▸ WHAT TO DO:
What you return should be exactly the lines from the one containing "Ropa infantil variada - 3" down to the final line of the listing, with nothing else.

Content starts

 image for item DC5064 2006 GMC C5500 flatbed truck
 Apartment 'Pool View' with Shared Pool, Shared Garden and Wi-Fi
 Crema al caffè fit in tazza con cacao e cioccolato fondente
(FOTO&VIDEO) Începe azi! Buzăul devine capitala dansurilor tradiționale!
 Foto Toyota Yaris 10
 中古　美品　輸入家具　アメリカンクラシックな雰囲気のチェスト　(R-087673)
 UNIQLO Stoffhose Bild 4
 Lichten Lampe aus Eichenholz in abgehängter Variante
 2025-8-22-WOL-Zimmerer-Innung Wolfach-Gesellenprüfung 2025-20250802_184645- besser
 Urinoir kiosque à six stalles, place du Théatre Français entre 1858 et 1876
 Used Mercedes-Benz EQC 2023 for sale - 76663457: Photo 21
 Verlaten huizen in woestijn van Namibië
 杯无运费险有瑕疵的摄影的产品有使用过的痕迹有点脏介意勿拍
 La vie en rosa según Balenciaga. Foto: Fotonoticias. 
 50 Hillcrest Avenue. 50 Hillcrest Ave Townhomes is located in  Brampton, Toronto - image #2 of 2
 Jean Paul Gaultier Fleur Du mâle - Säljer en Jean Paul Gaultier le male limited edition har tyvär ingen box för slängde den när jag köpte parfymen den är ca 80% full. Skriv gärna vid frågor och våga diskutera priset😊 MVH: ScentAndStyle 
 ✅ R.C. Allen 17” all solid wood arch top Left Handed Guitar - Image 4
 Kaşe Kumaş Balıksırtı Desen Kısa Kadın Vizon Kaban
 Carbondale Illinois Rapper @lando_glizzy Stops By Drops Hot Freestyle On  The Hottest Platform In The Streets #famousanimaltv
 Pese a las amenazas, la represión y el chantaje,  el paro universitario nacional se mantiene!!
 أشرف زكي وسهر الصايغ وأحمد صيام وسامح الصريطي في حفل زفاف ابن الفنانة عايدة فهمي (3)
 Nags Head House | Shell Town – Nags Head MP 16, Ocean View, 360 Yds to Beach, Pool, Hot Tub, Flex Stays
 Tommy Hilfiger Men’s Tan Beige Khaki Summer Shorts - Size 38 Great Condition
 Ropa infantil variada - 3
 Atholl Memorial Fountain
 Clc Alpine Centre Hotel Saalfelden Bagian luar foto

Content ends

▸ RESULT OF THE TASK:
 Ropa infantil variada - 3
 Atholl Memorial Fountain
 Clc Alpine Centre Hotel Saalfelden Bagian luar foto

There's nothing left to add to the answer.